• Problem description: After finding the line containing "Caroline'S Treasures Desk" below, please output that line and each following one through the line containing "securely set up", exactly as written.

• Source data:
....................

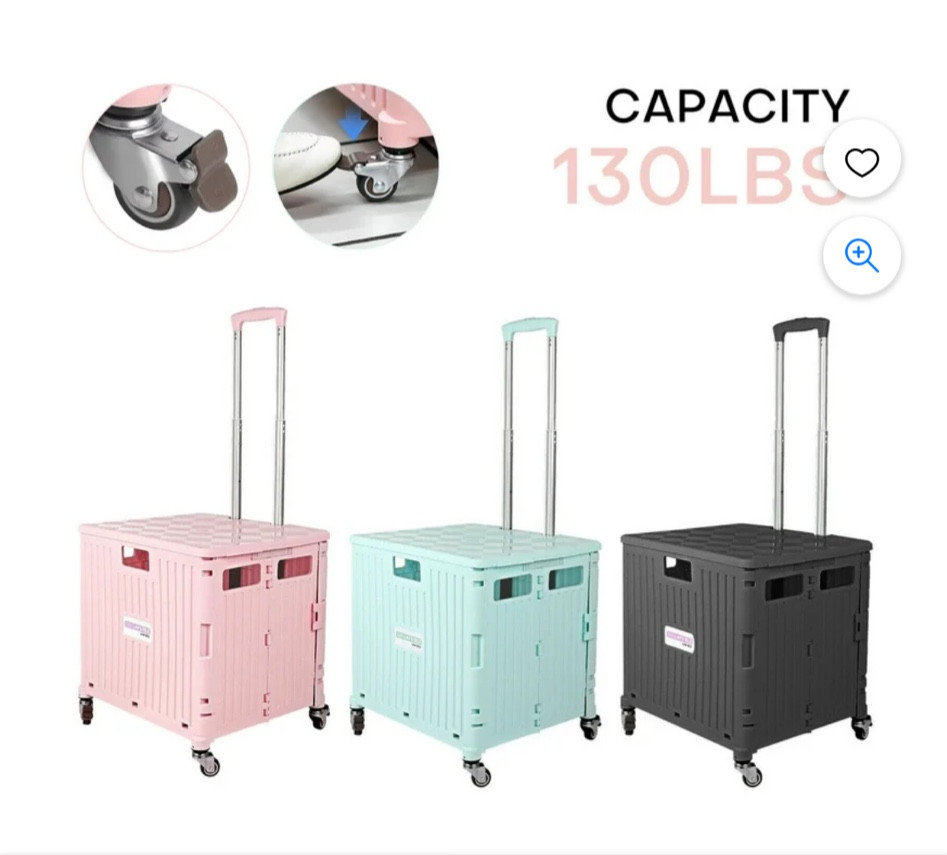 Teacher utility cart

....................

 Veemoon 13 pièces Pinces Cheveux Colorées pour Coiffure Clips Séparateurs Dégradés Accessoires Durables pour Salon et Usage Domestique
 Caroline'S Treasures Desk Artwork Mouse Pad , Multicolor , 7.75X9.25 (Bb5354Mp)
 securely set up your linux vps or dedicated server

....................

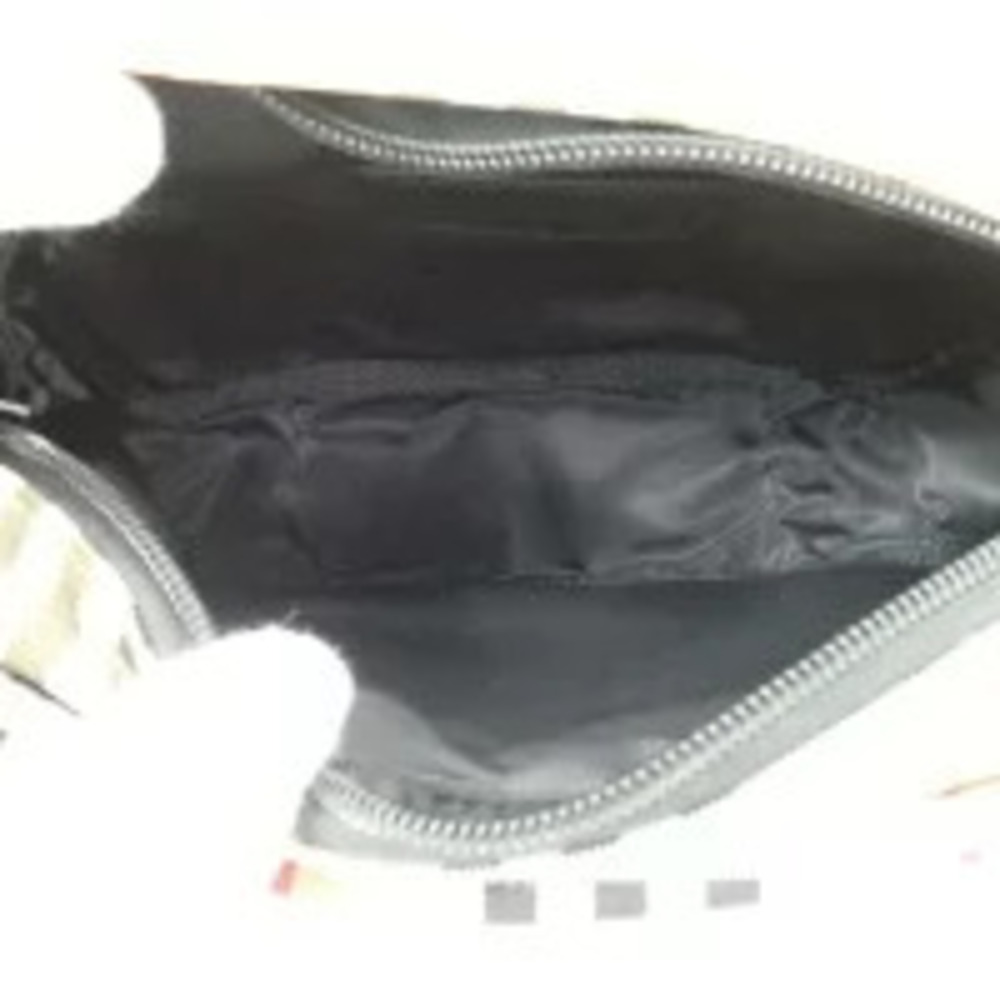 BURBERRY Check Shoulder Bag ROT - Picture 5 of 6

....................

• Task output:
 Caroline'S Treasures Desk Artwork Mouse Pad , Multicolor , 7.75X9.25 (Bb5354Mp)
 securely set up your linux vps or dedicated server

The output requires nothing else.